SAN DIEGO — Mental health challenges can be compartmentalized and tucked away or they can be brought out into the open. Two former mental health patients are teaming up to inspire others in crisis.
In this Zevely Zone, I visited a new mural at Sharp Mesa Vista Hospital. Catalina Bellizzi-Itiula is a local artist who is working on a mural for the remodeled intensive care unit at Sharp Mesa Vista Hospital which is the largest private behavioral health care provider in the San Diego region.
"The inspiration for this mural came very suddenly," said Catalina. The mural is particularly meaningful for Catalina as a former Sharp Mesa Vista patient. She hopes to provide comfort to current patients with her mural, which is a part of the modernization project for the ICU.
Catalina named her mural Moon Blooms because she wants mental health patients to know beautiful things can happen during their darkest hour.
"Five years ago, when I got diagnosed and when I was in the hospital, that was after a decade or two of complete chaos in my life," said Catalina who has been hospitalized five times with bipolar disorder.
"It's an amazing story of fighting spirit," said Dr. Fadi Nicolas. The Chief Medical Officer for Sharp Behavioral Health told us people who come to the Shiley Intensive Care Unit are often experiencing the lowest moment of their lives.
"Many times, they are psychotic, they are not in their right mind," said Dr. Nicolas. One of those patients was Anna Haudenschild Meier.
"I was really so lost at one point I could not even spell my own name," said Anna. Following her treatment, Anna is once again thriving as a wife and mother.
"Mental illness is real and people have to work really hard to be well and I just want to celebrate them and give them some motivation," said Anna.
When she heard the ICU was getting its first renovation since 1963 she called Dr. Nicolas. "She said what do you guys need I want to help, my family and I want to help and we said we need a donor for the mural project," said Dr. Nicolas.

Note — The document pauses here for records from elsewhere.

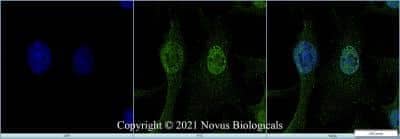 Immunocytochemistry/ Immunofluorescence: MAT2A Antibody - BSA Free [NB110-94158]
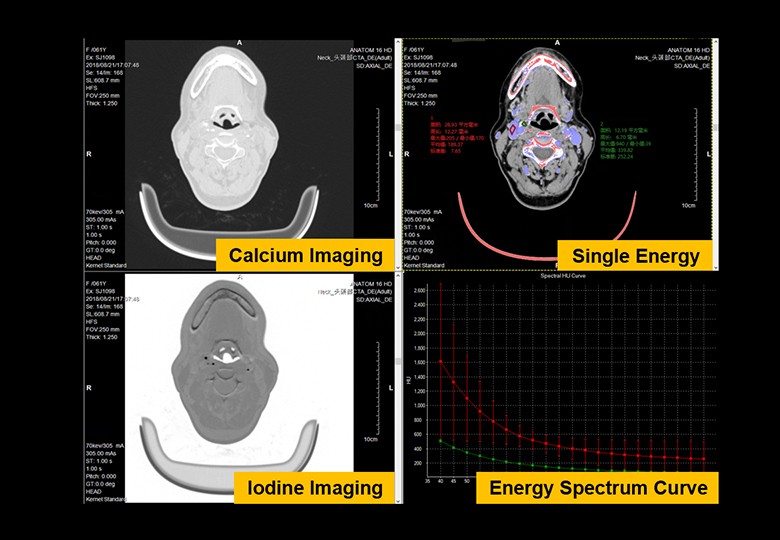 Spectral Scan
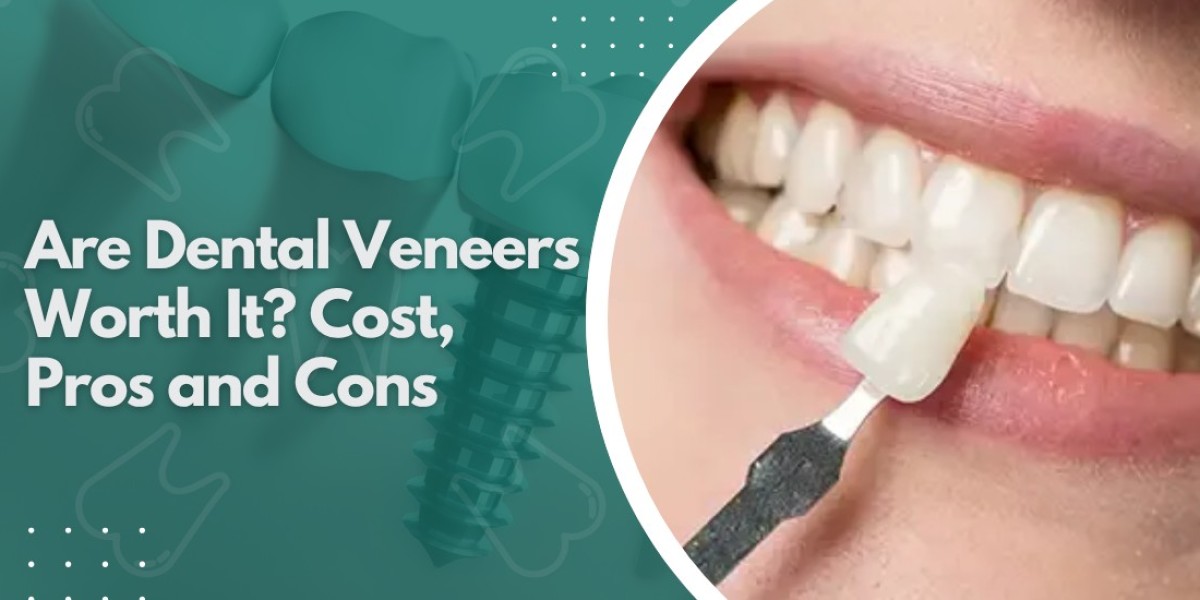 How Porcelain Veneers Support Improving Smile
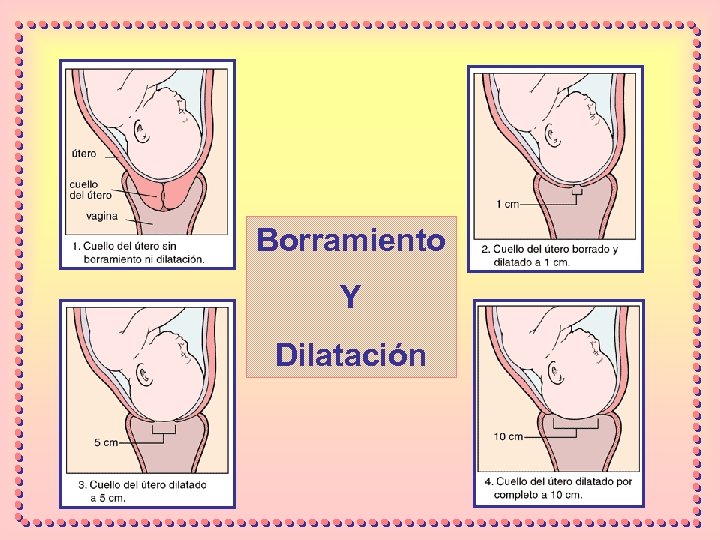 Borramiento Y Dilatación 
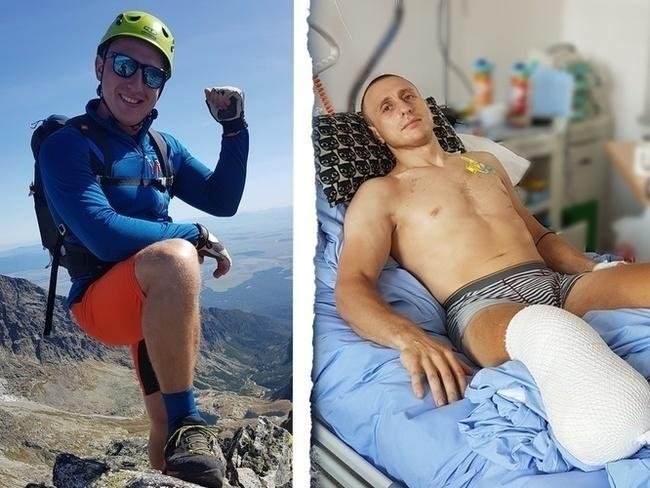 Szansą na powrót do sprawności po dramatycznym wypadku jest dla Bartka zakup protezy i żmudna rehabilitacja
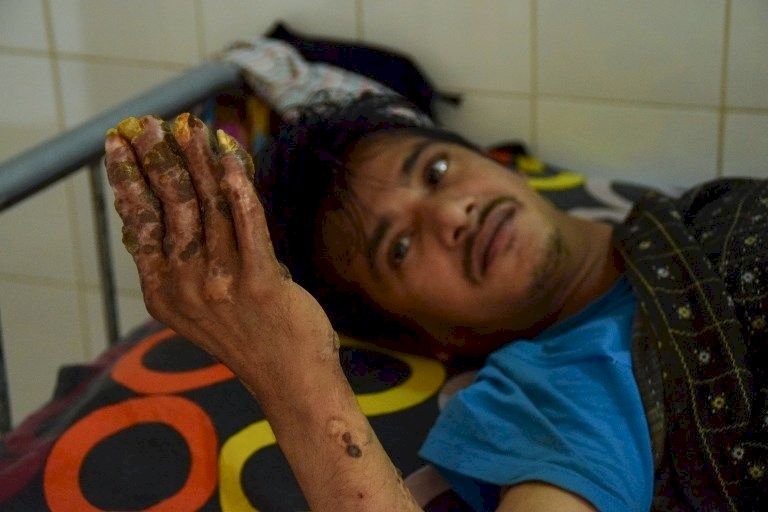 24次手術以為痊癒 孟加拉樹人再度復發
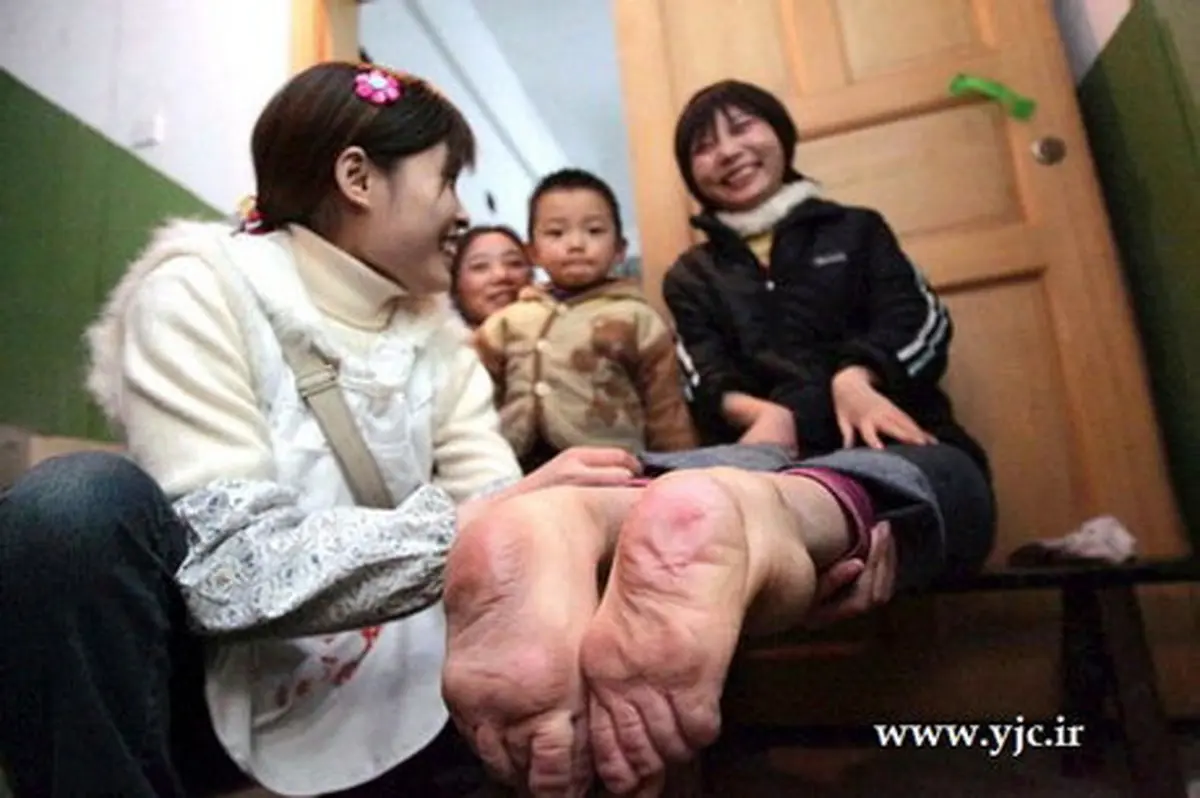 پاهای این زن، برعکس است /عکس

Anna offered to pay for the project and called Catalina. "I thought I was hallucinating because this has been like my dream, I have specifically said I want to make art for my hospital," said Catalina who is also back to thriving as a mother.
"I have been told that women with bipolar don't make great mothers. I have been told that the government would take my baby away. Another one of my goals is to actually prove that you can do it. People with bipolar are not monsters, my baby is happy. I am a good mom," said Catalina. "The one takeaway I have from getting diagnosed at age thirty is that I wish I would have been diagnosed so much earlier."
She hopes when future patients see her mural Moon Blooms they are inspired. "That good things can still happen at night and just because you don't see the sun it's still there which is why I have moons on here," said Catalina who with every stroke is leaving a love letter to anyone who follows. "Everything is going to be alright, you are going to find your way, you're going to find the right medications," said Catalina.
The ICU opened in 1963 and annually serves approximately 1,000 patients with severe mental health conditions. Several foundations – such as the Shiley Foundation and the David C. Copley Foundation – along with the hospital's employees have donated to this modernization project.